Episode 1: Scavenger hunt!By Jacob Kaplan-Moss
Let’s kick things off with something a bit unusual: a virtual scavenger hunt.
At some point, nearly every web geek gets a chance to hack on some open data, usually from a government source. The buzzword here is “mashup,” but knowing how to find and consume openly available data will remain a valuable skill long after its faddishness ends.
Unfortunately, governments, and especially the US government, are often incredibly awful at providing this data. Sure, it’s available — but you’ve got to find it first.
So this question is all about finding that data. Since I’m most familiar with the USA, this question is USA-specific (but I’d love to see answers to any questions that apply to other nations).

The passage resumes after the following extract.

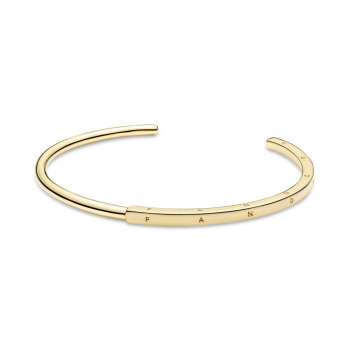 Pandora Signature I-D bangle 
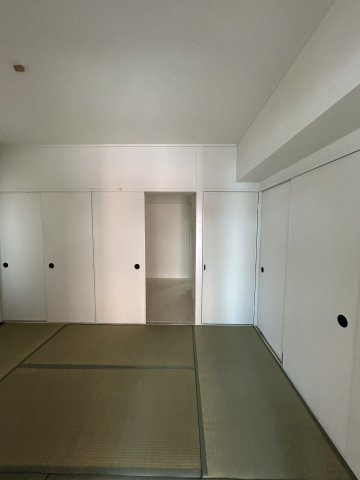 鯉川マンションの収納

In each case, the answer should be a URL where you can either download the data in question, or at least find a direct link to the data. There may be multiple sources for each, including ones that could be screen-scraped for the data. I’m not looking for those sources, however — just the ones with easily downloadable data in a format that can be easily parsed by a computer (i.e. CSV, XML, plain text). “Friendly” formats, in other words.
So, where can I download data to:
- Analyze the nutritional content of foods?
- Find the population (and other basic demographics) of my city?
- Analyze the latest SEC filings by public companies?
- Look at historical gas prices?
- Look for trends in juvenile arrest rates?
Post your answers into the comments. For extra brownie points, tell us how you located each piece of data — did The Google serve you well, or were you forced to turn elsewhere?
If you really want to stretch your brain, try to write a tool to import each chunk of data into your favorite relational database. There will be a related question in a couple of weeks involving modeling one of these pieces of data, so you overachievers can start thinking about it now…
Good luck, and check back this weekend for the answers.